In the Gaza Strip, whose Palestinian Hamas
rulers were once allies of Assad and Hezbollah, cleric Imad al-Daya told
worshippers that Qusair had exposed the "fraud" of Hezbollah's rhetoric
about leading "resistance" to Israel.
"Wake up," he told worshippers. "This is a war of religion." Shiites, he added, had always been "a knife in Muslims' backs."
Violence in Syria continues unabated
In the central Syrian city of Homs, a suicide
bomber detonated his explosives-laden car Saturday, tearing through an
area largely populated by the regime's Alawite sect and killing seven
people, a state-owned TV station reported.
Syrian state TV also said Saturday that
government troops took control of the village of Buwaydah between Qusair
and Homs after intensive clashes.
Abu Bilal al-Homsi, an activist in the old
quarter of the city of Homs who has links with several rebel groups,
said via Skype that rebels sustained heavy losses late Friday as they
attempted to flee the village with their wounded and civilians. Al-Homsi
asked to be identified by his alias because of security concerns.

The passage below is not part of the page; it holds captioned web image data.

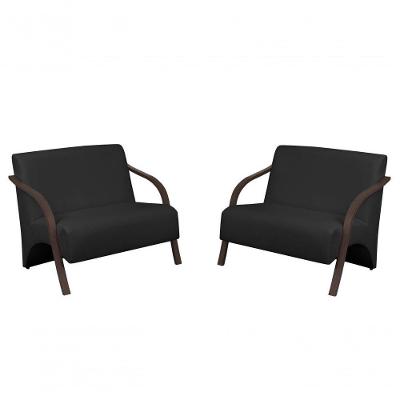 Kit 2 Poltronas Namoradeira Vênus 2 Lugares Couro Sintético D Salla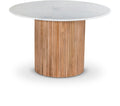 Natalia 47" Natural Genuine Marble Top And Mango Wood Base Dining Table
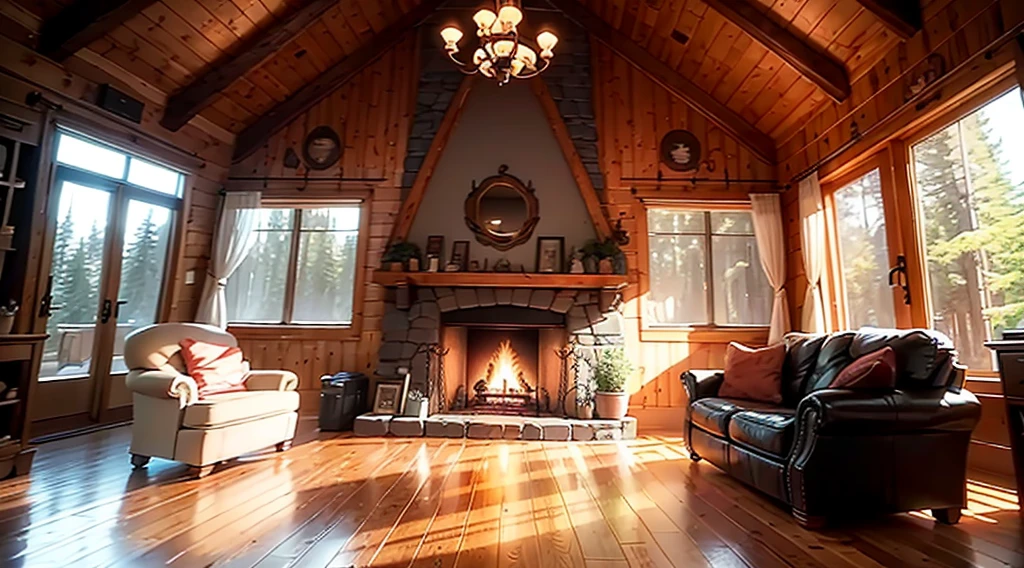 THIS EVENING WOODEN CABIN LIVING ROOM ANIME BACKGROUND, (COZY ATMOSPHERE), (SUBTLE LIGHTING), BRIGHT STONE FIREPLACE FIRE, THIS BEST QUALITY EVENING FLOOR, TRANSPARENT GLASS WINDOWS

The state-owned Al-Ikhbariya TV said the
attacker detonated the explosives-laden car in a busy area near a
roundabout in the Homs neighborhood of Adawiya, which largely houses
Alawites. The report said the seven killed included three women and a
teenager, and said 10 other people were wounded as the blast heavily
damaged nearby houses and vehicles.
Television footage showed frantic residents
running around, blood splattered on the ground and a badly mangled car.

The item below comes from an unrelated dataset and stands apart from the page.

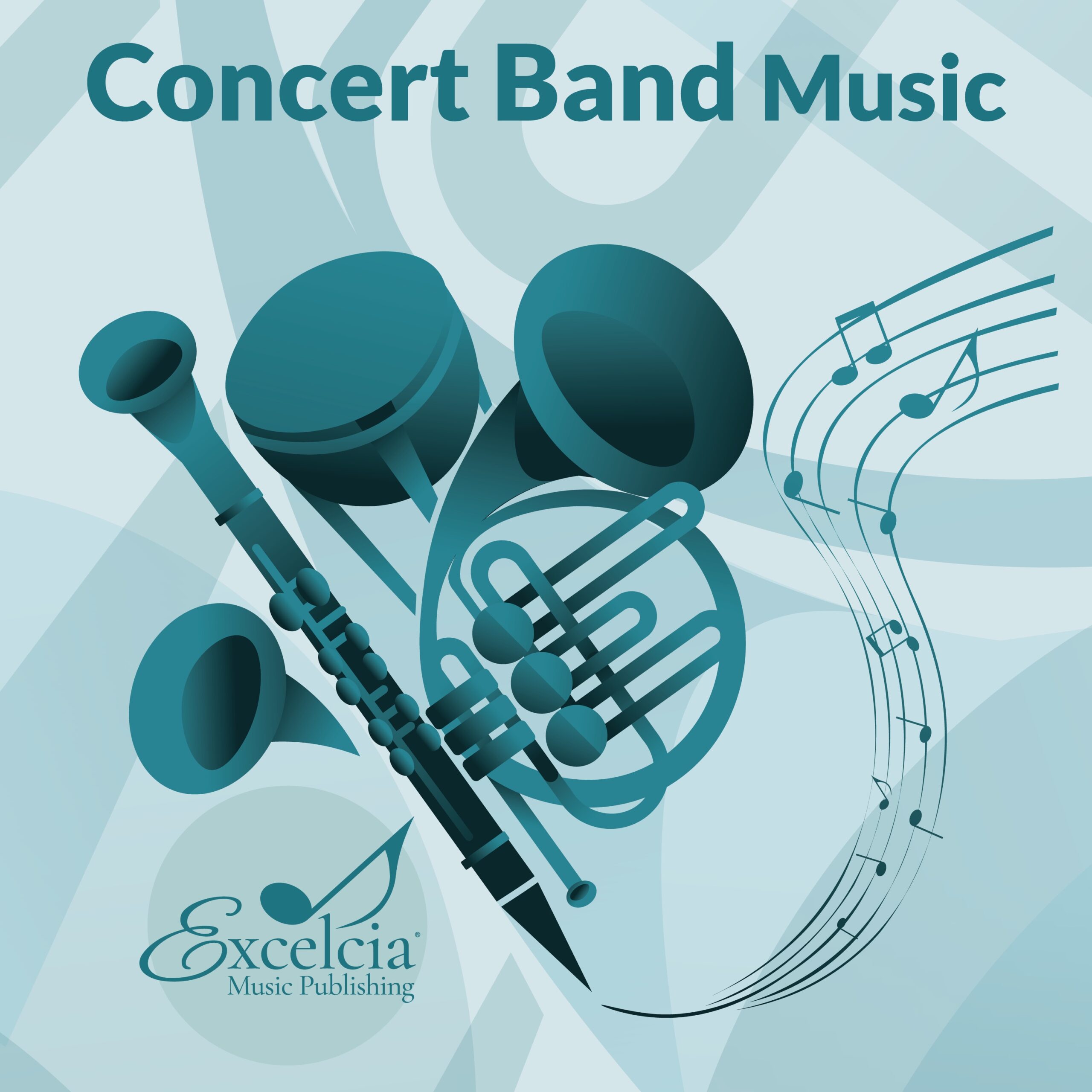 Graphic of concert band instruments with musical notes and title.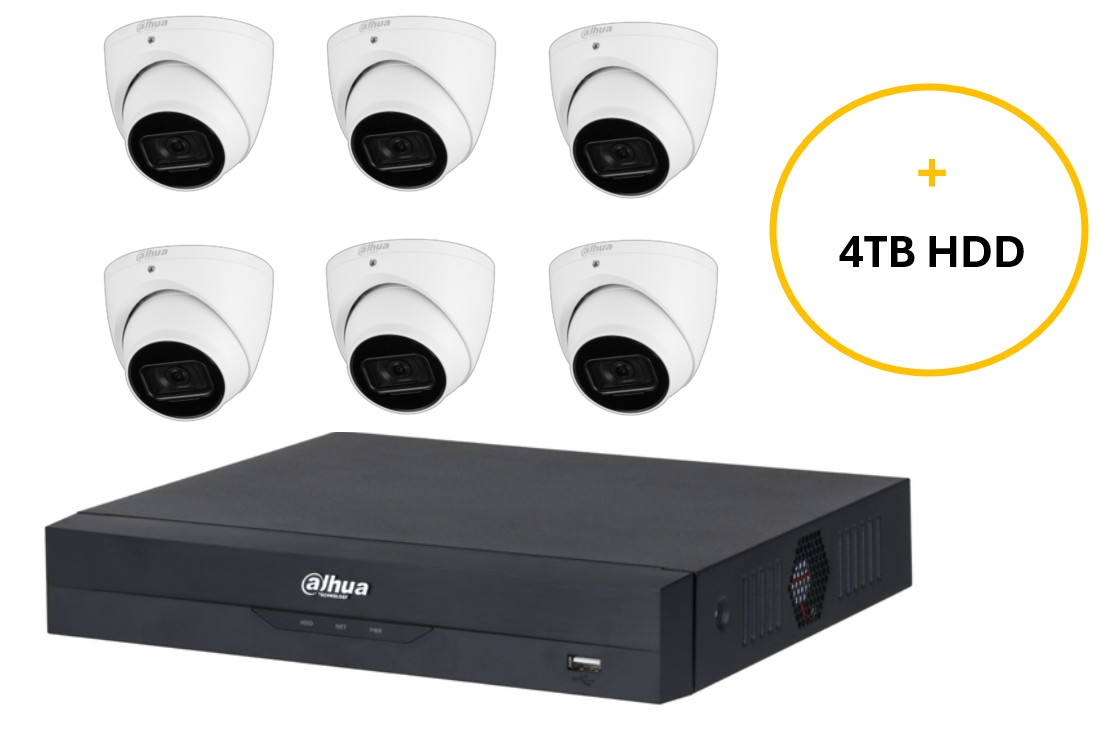 DAHUA WIZSENSE CCTV KIT INCLUDES 6 x 5MP WHITE WIZSENSE TURRET CAMERA 2.8MM (DHU7469) 8 CHANNELS BLACK NVR (DHU7278) NON EXP HDD WITH 4TB HDD LOADED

Other cars on the street were also damaged. A reporter from the station
on the scene said the car was carrying about 100 kilograms (220 pounds)
of explosives.
The Britain-based Syrian Observatory for Human
Rights, which relies on a network of informants inside Syria, confirmed
that the car was booby-trapped. It also said seven were killed, citing
preliminary reports.
Nobody claimed responsibility for the attack,
but car bombs are the usual tactic employed by Sunni extremists among
the rebel ranks.
Government forces also battled rebel fighters
north of Aleppo and by a military air base that has been under rebel
siege for weeks. Clashes in the suburbs of Damascus, meanwhile, left
seven people dead, including a rebel and a medic who was treating a
wounded fighter, according to the Observatory.

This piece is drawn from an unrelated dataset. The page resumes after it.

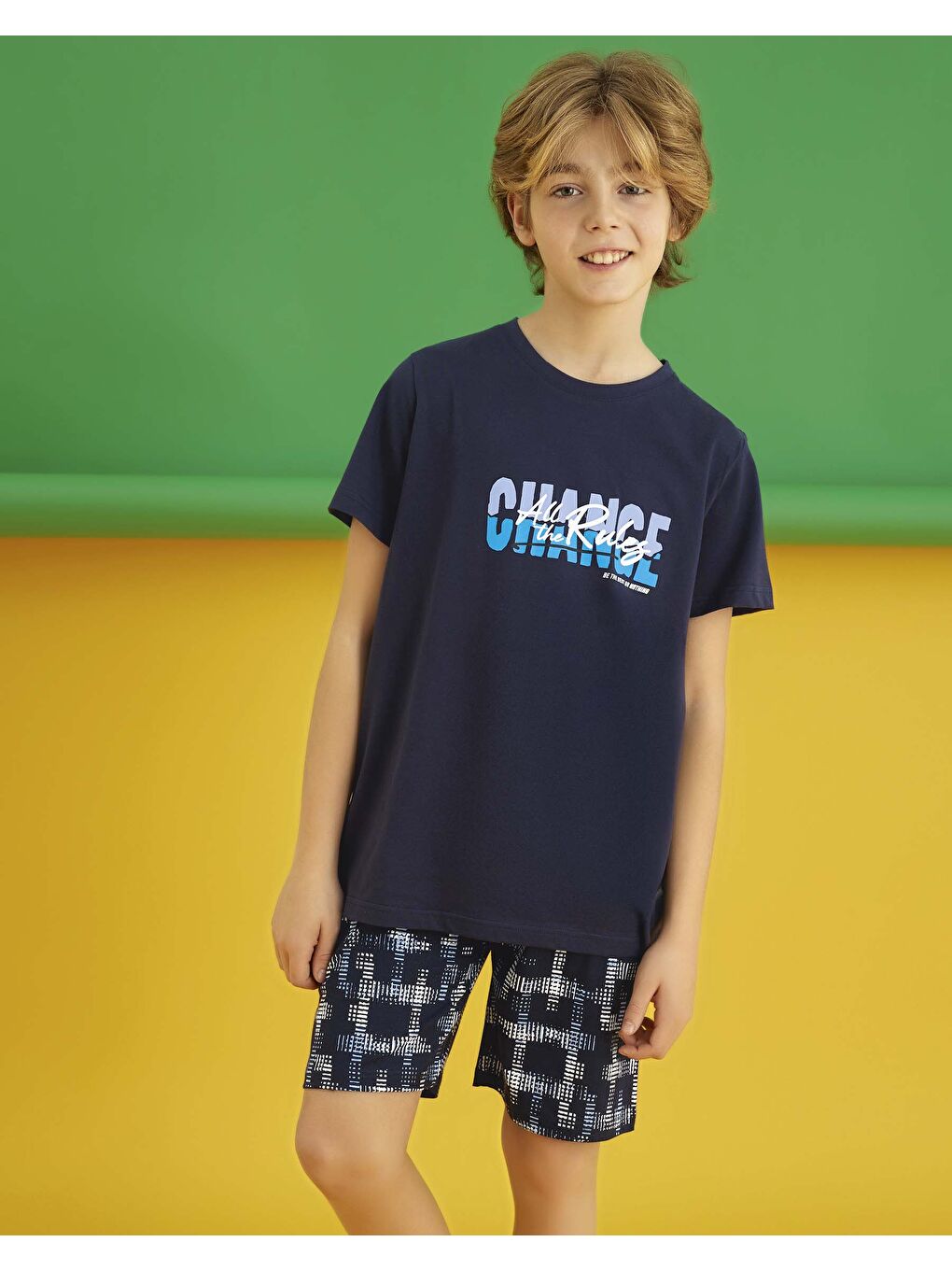 Lacivert Erkek Garson Kısa Kol Pijama Takım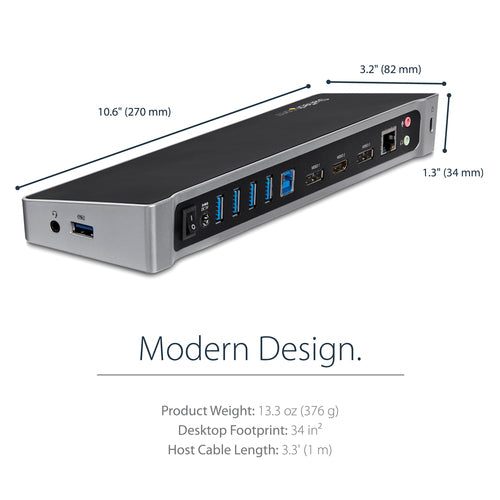 StarTech.com USB3DOCKH2DP station d'accueil Avec fil USB 3.2 Gen 1 (3.1 Gen 1) Type-A Noir, Argent - Image 12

In fighting elsewhere, rebels attacked a
checkpoint manned by troops and pro-government gunmen in the central
town of Salamiyeh, killing 11 of them and wounding more than 20, the
Observatory said. It added that several rebels also were killed,
although it did not have a specific figure.
The Lebanese Red Cross announced that it has evacuated
38 people who were wounded in Qusair from the Syrian border to hospitals
in Lebanon's eastern Bekaa Valley over the past two days.
Daniel Siryoti, Eli Leon, Shlomo Cesana, Danny Brenner, Lilach Shoval, Yoni Hirsch, News Agencies and Israel Hayom Staff
Source: http://www.israelhayom.com/site/newsletter_article.php?id=9843
Copyright - Original materials copyright (c) by the authors.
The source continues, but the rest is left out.